5.29.2008

Student Dinners

The students file in after calling to me through my open front door. "Can we come in?" they ask, arms laden with vegetables and a large bag of rice. Half of the students find their way to the kitchen and start preparing dinner, while the others bombard me with questions about my apartment, "who lives in this other room?" they wonder. "Why didn't you make your bed?"

Does it seem strange that my students love to come over and cook dinner at my apartment? At first this idea was as foreign as anything else here, but later the reasons for it became clear. The dorm situation in China is similar to that in America because the students can't cook for themselves. The students seem to share a universal desire to make food, and being deprived of that option makes coming to my apartment a blessing.

It's funny because I always see a different side of students when they're preparing and cooking food. They're genuinely happy. They chatter in a mix of Chinese dialects and pepper their conversations with English. I meet them halfway with questions such as "OK了吗?“ and "为什么not?" Everything seems to fall into place without much planning. There are several reasons for this, but I suspect that one important factor contributing to this efficiency is that Sichuanese Food has a repertoire of about 25 standard dishes. The students have all made these dishes before - several times. When one student yells, "Chop the onions!" another student already knows exactly how many to chop and into which 2 dishes the onions will go.

While eating they are eager to put food into my bowl and they watch my face as I try it. Everything is delicious (as always). "I'm full, eat slowly," they begin to say in Chinese as they become full. Setting their chopsticks on their bowl they politely wait for everyone to finish eating.



After dinner the students mobilize: washing the dishes, mopping the floor, and putting everything back as it was. "Sorry, I must go now" they say, one by one, as they begin to leave.
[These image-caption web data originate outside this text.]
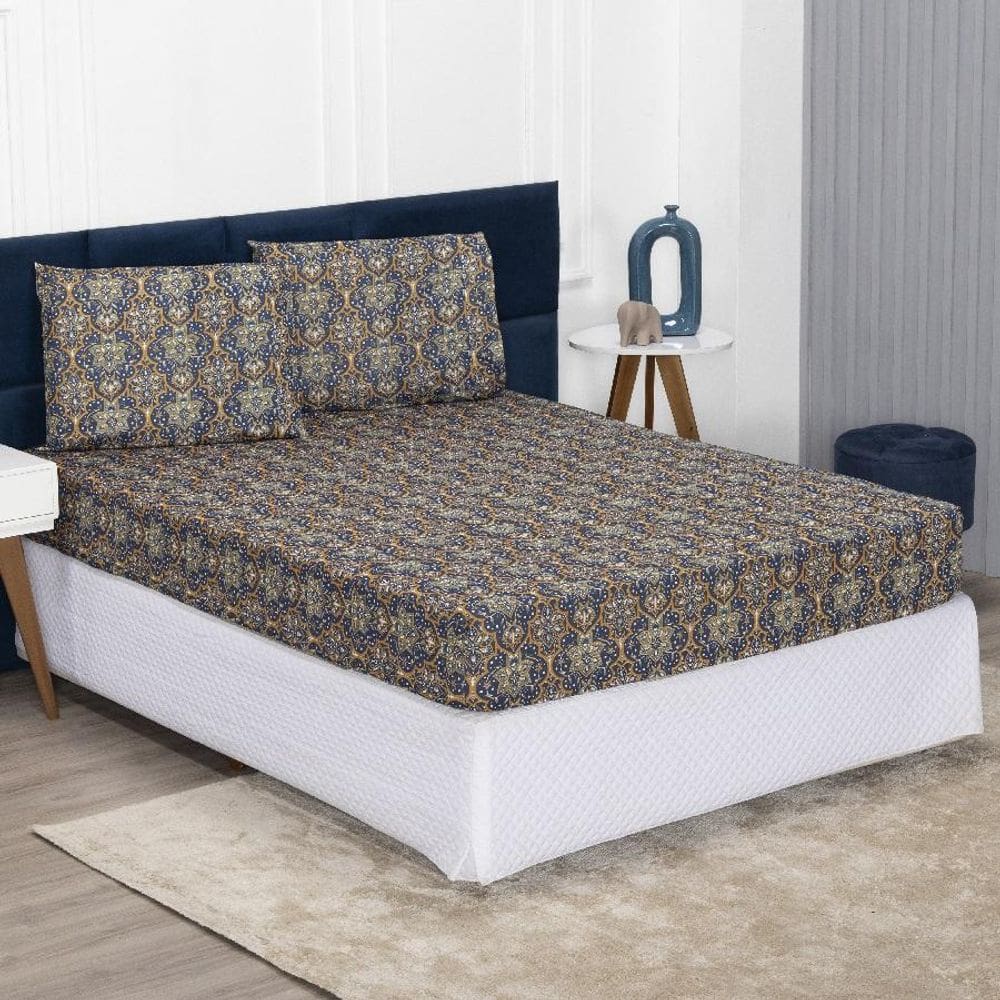Jogo De Cama Casal Lençol E Fronha Prático Malha Estampa 3P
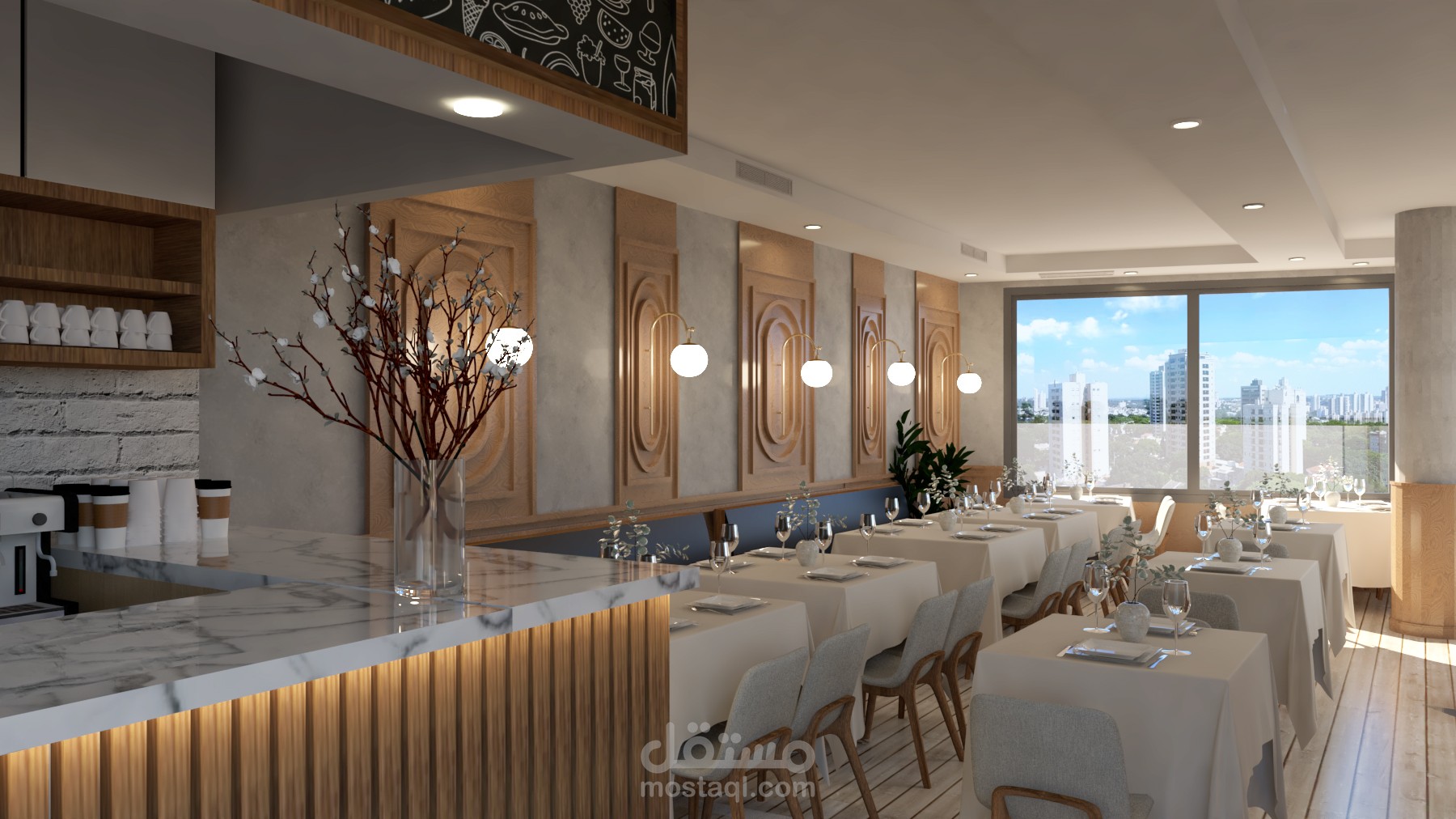 تصميماً داخلياً راقياً لمقهى/مطعم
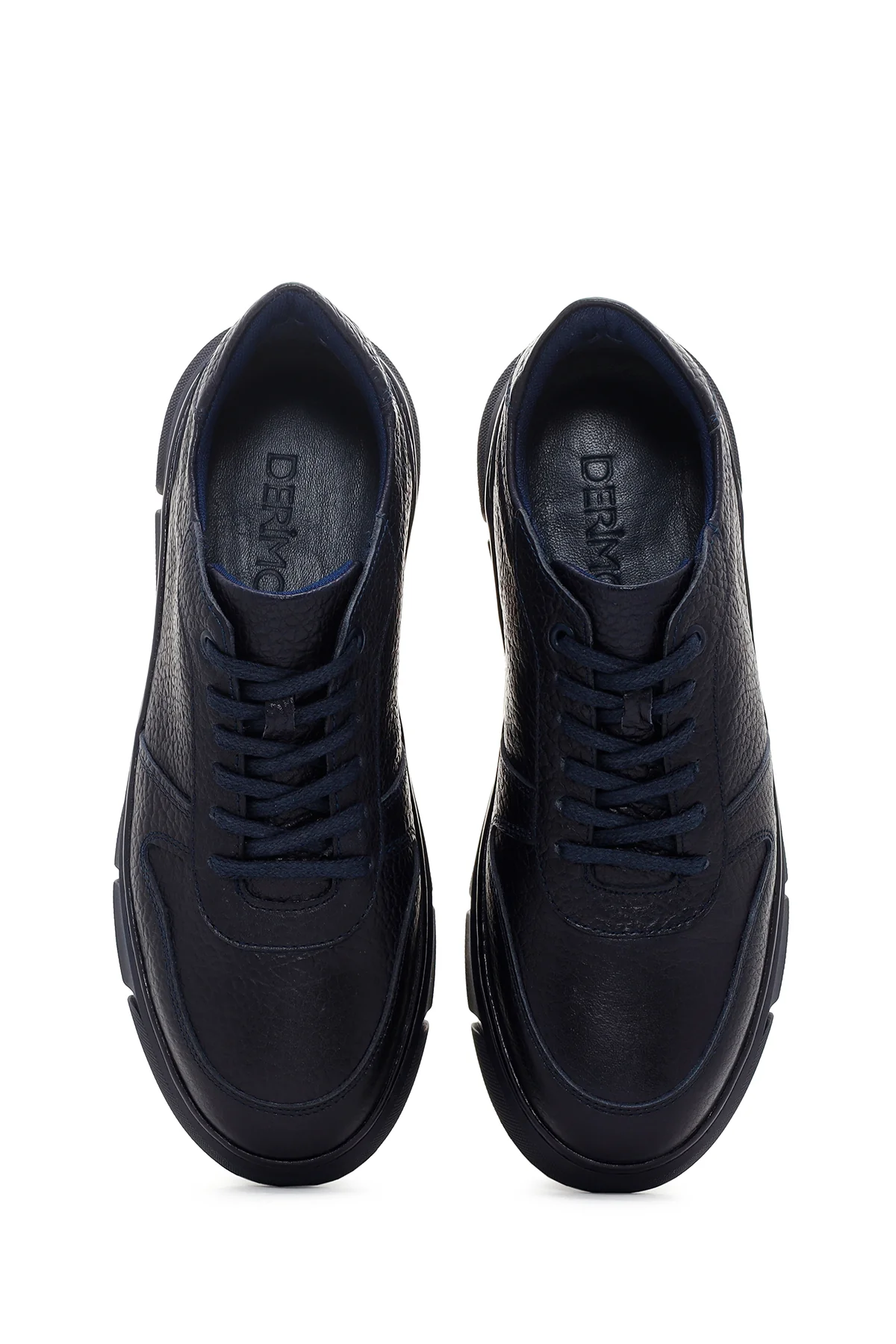 Erkek Lacivert Deri Sneaker - Image 6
After walking the students out I pass through my living room and stop in the kitchen: both places are now cleaner than when the students arrived.

There are many things which make this event enjoyable: They make the food, wash the dishes, sweep and mop the floor, take out the garbage, wash the table...

But none of these things is as worthwhile as seeing the students truly happy when they transform my apartment into a restaurant.